━━━━━ Listed entries ━━━━━
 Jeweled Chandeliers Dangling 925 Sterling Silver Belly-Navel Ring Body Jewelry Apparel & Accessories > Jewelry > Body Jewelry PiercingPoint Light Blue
━━━━━
━━━━━ Listed entries ━━━━━
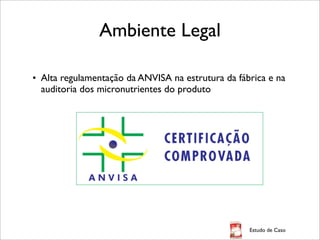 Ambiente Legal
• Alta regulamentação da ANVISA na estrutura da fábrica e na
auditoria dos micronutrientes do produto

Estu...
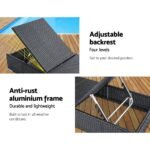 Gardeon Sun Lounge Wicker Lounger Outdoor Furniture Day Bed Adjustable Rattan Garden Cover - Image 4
━━━━━
§ Exercise directions
Only the lines above from the one with "fábrica e na" to the one with "Gardeon Sun Lounge" should be printed, both included and exactly as written; no picture belongs in the copy.

§ Result of the exercise
• Alta regulamentação da ANVISA na estrutura da fábrica e na
auditoria dos micronutrientes do produto

Estu...
 Gardeon Sun Lounge Wicker Lounger Outdoor Furniture Day Bed Adjustable Rattan Garden Cover - Image 4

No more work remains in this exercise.